Карнавальные маски в витринах пялили на него пустые глаза, кривили насмешливо губы и разевали беззубые рты, красно-желтые и черно-белые арлекины прятали под масками язвительную усмешку, город был совершенно необитаем, и казалось, что эти маски, арлекины и маркизы в черных кружевах, — единственные оставшиеся в нем жители, все остальные покинули его в страхе перед вселенским потопом, когда никакие пассарелли не помогут, никуда не выведут.
Лишь на торговой улице у моста Риальто, где днем кипит уличная торговля, ночные нетурбини, громко и весело перекликаясь, выметали горы мусора и увозили его на грузовых гондолах на свалку в Местре.
Он повернул обратно и пошел той же дорогой к Сан-Марко. Выйдя на площадь, он взглянул вверх, не будет ли опять дождя, и вдруг над ним открылось то, чего уже много лет он не видел, от чего отвык и что давно позабыл: все безбрежное небо было усеяно, словно золотой искрящейся пылью, яркими, крупными, ясными звездами. Ни в одном городе мира такого неба не увидать, только в Венеции, где нет ни одного автомобиля и ни одной заводской трубы и воздух прозрачен и чист, как высоко в горах или в открытом море. Пораженный этим забытым с детства, с тех пор, как родители его вывозили летом на подмосковную дачу, незнакомым небом, он не мог отвести от него глаз. Ему казалось, что он никогда и не видал такого просторного неба. Просторного, глубокого, бездонного, распахнутого навстречу ему. Голубые, красноватые, зеленые и ярко-белые звезды перемигивались, словно о чем-то говорили друг с другом, но он не понимал их языка. И ему казалось, что, пойми он этот их язык, с души свалится камень и можно будет и дальше жить, потому что там, среди них, он не будет ни изгнанником, ни изгоем, там найдется место и для него.

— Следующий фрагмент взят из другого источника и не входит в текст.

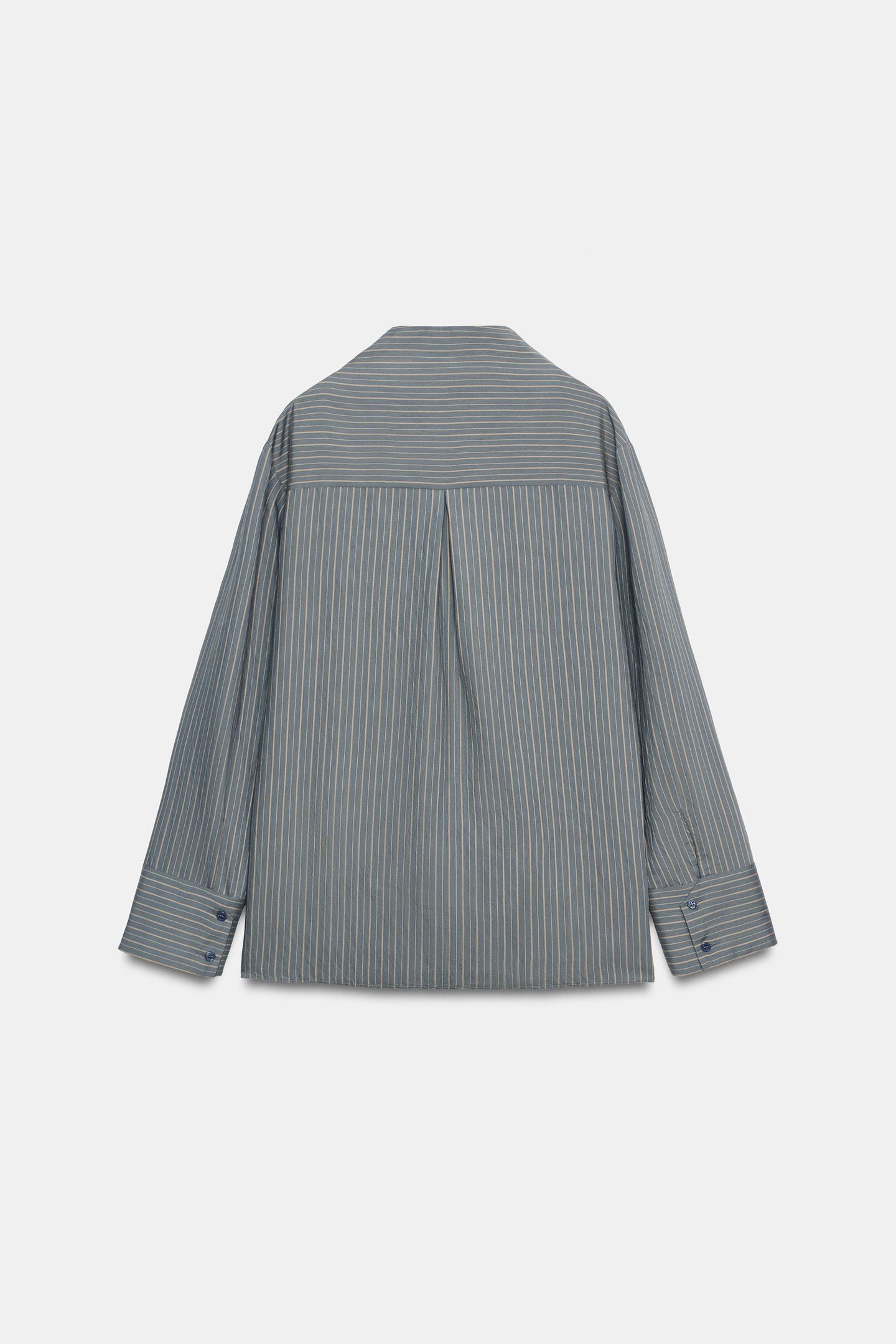 Женская рубашка Zara ZW Collection Striped Crossover, цвет: Серый / Рыжевато-коричневый — фото 7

Он стоял на пустынной площади задрав голову и не мог отвести взгляда с пульсирующего, словно живое существо кровью, звездным светом неба. И ничего уже ему не было ни страшно, ни жаль.
Выпить бы, сказал он себе, когда же еще выпить, как не под таким небом…
В половине шестого стали ходить вапоретто, он добрался до Сан-Джордже, побросал свои вещи в чемодан и успел на парижский рейс, и первое, что он сделал в самолете, — это попросил у стюардессы рюмку водки, выпил ее залпом и, откинув спинку кресла, тут же уснул, и во весь полет с лица его не сходила во сне счастливая и доверчивая улыбка.
Всякий раз, проходя мимо, молоденькая стюардесса, у которой перед самым отлетом было неприятное, злое объяснение с женихом, глядя на него с завистью, думала, что вот уж у кого наверняка все в порядке.